In real estate, the letters NOI stand for Net Operating Income. The net operating income is a number on paper 9 times out of 10. It is not an actual figure that will show up in an investor’s bank account nor is it the number that will be used for tax purposes. NOI is useful in comparing the returns of various properties and for determining if a property is financeable. Think of NOI as the return a property would generate if it was purchased for all cash and regardless of taxes and depreciation.
Actual vs. Pro Forma
NOI can be calculated on an actual basis with the actual rents and the actual expenses. NOI can also be calculated on an expected or pro forma basis based on future estimated rents and estimated expenses.

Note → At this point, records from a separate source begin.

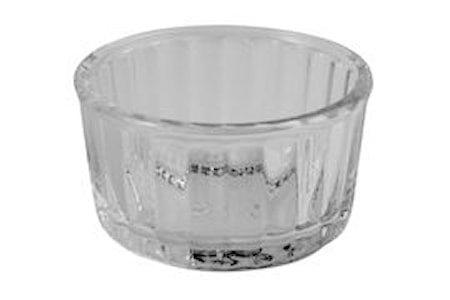 Glasskokott Ø 8cm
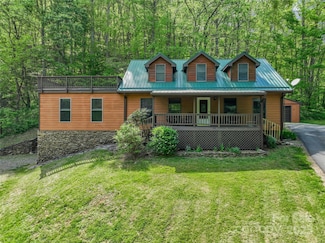315 Morgan Branch Rd, Leicester, NC 28748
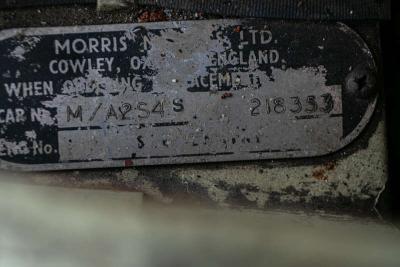 1963 Morris MINI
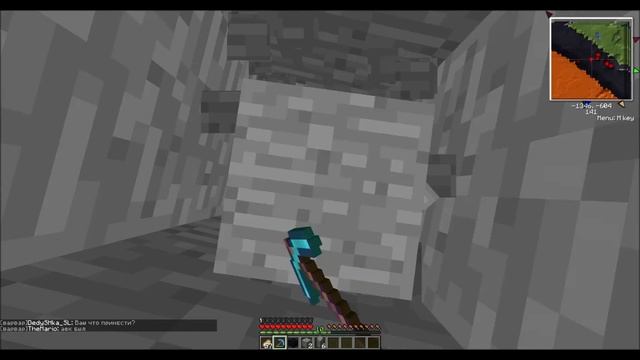 Minecraft-как найти много лазурита смотреть онлайн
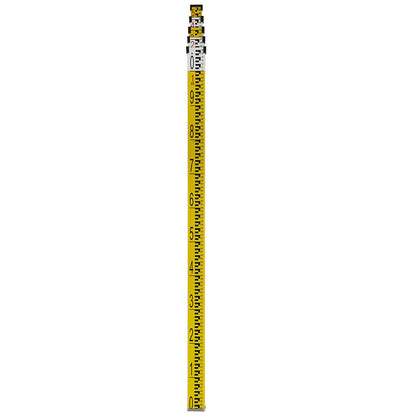Super Combination 1.65m Aluminum Tripod + 5m Staff For Rotary Laser Leveltop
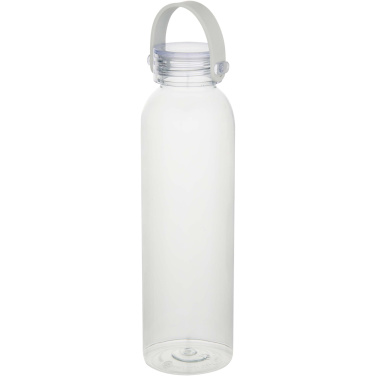 Logo trade promotional gifts picture of: Alti 630 ml RCS recycled plastic water bottle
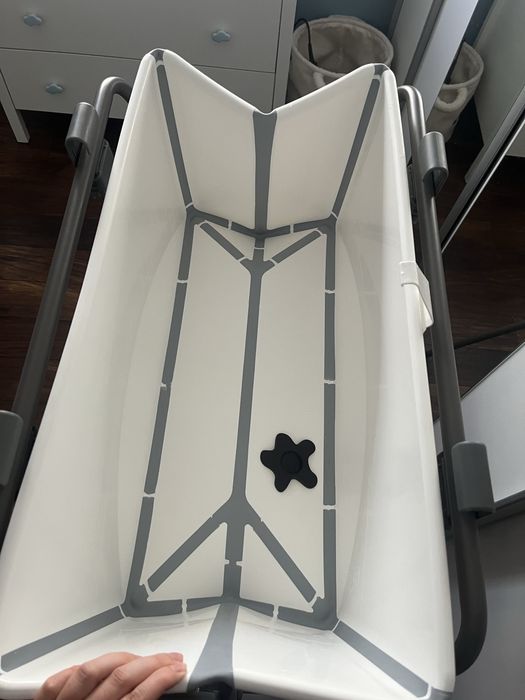 Stokke flexi bath  със стойка и подложка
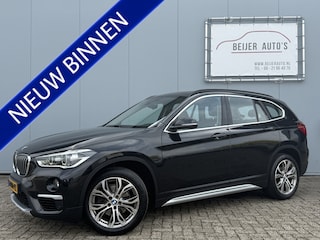 BMW X1 sDrive18i High Executive Automaat/Trekhaak/Camera.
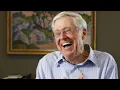 Charles Koch My body is full of harpoons 2015 Interview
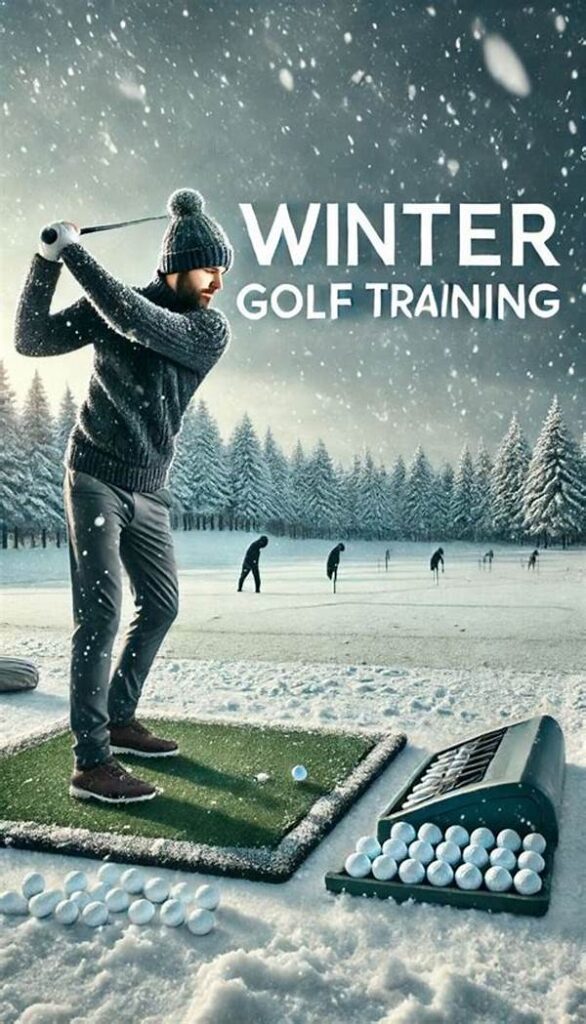 Specialized Winter Golf Training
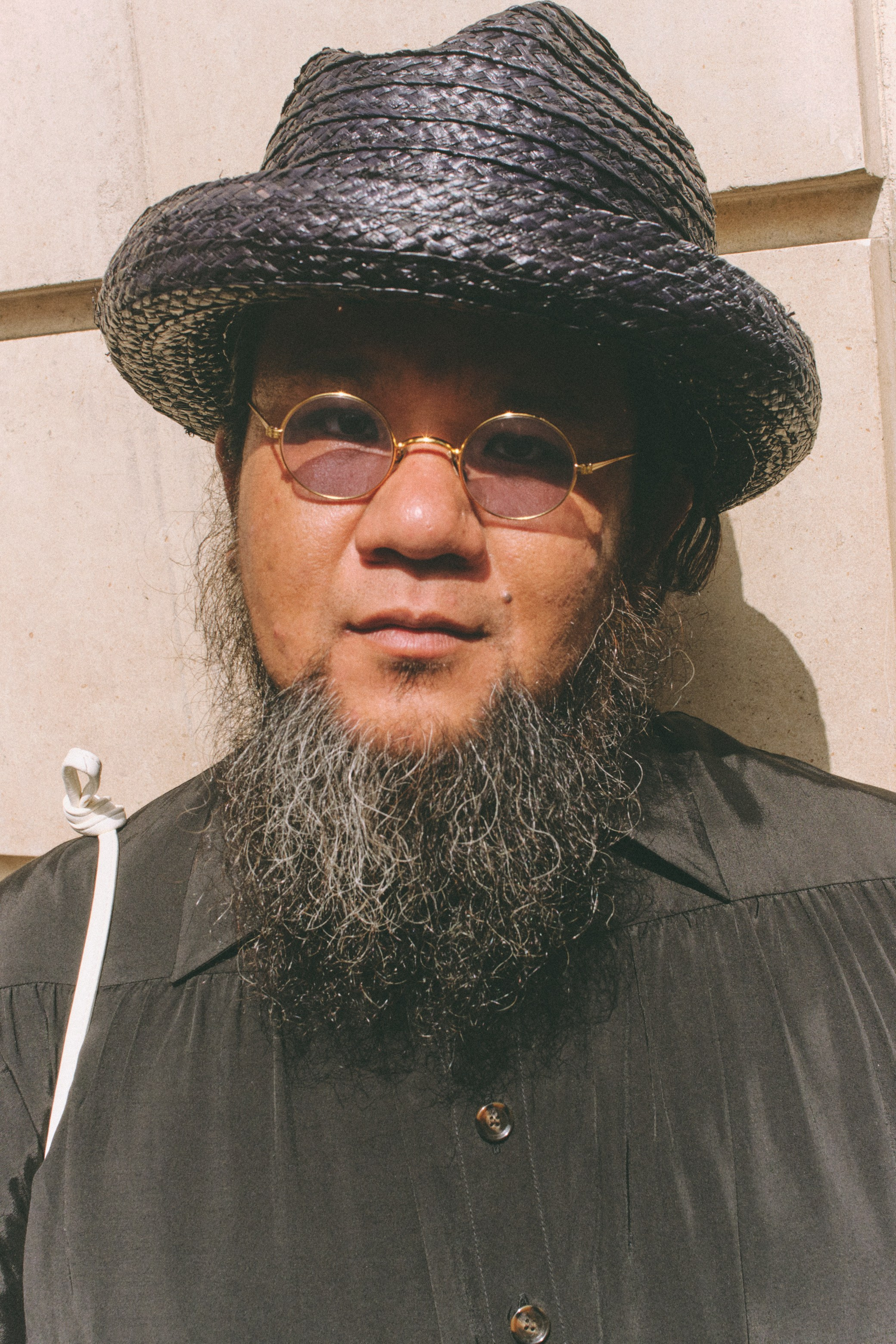 COMME des GARÇONS Homme Plus (PFW 27.06.2025). Eduard Savosin | Documentary & Portrait Photographer in Paris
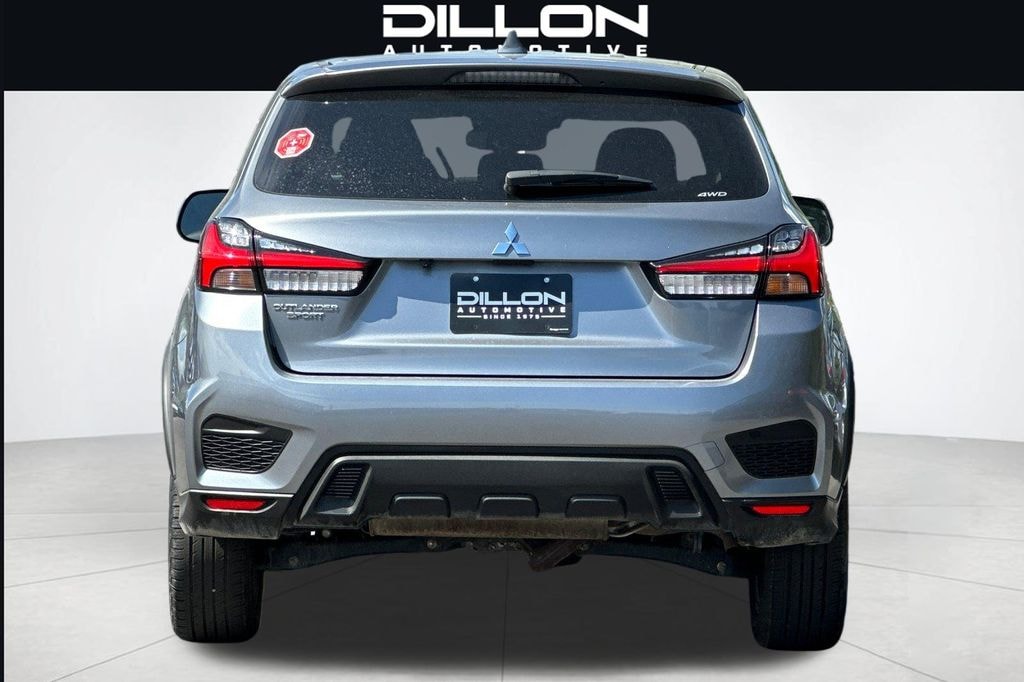 Used 2025 Mitsubishi Outlander Sport 2.0 ES SUV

NOI is calculated on an annual basis in most cases.
Start with Income
To begin the calculation of NOI begin with the annual gross rental income for the property. Gross rental income is all the expected income from the property. If the property is a NNN property this will include CAM reimbursements.
Next you will need to deduct vacancy expenses. Vacancy expenses are an estimate of the amount of time that a property will be vacant in any given year due to tenants moving or not paying their rent. Usually this is expressed as a percentage of time. A property in a desirable location may have a low vacancy factor of 5% of the time. Another property in a questionable location may have a much higher vacancy factor and may be empty for 25% of the time or more.
By multiplying the vacancy factor by the gross income you arrive at the vacancy expense. Next you subtract the vacancy expense from the gross income. This will give you the Effective Rental Income.
To the Effective Rental Income you add Other Income. Other Income is usually miscellaneous income from parking fees, laundry, billboards, etc. Now you have arrived at the Gross Operating Income.
From the Gross Operating Income you subtract the property’s Operating Expenses to arrive at the Net Operating Income. Operating Expenses include all cash expenses paid to keep the property running at maximum efficiency. They will include property taxes, property insurance, management fees, utilities, advertising costs, accounting fees, legal fees, licenses, and other expenses.
NOI is used to calculate a properties Cap Rate (capitalization rate) for properties. NOI is also the number most lenders use to determine if a property has an adequate debt service coverage ratio (DSCR or DCR) to qualify for a loan.
NOI is a useful tool in helping investors analyze and compare investment properties.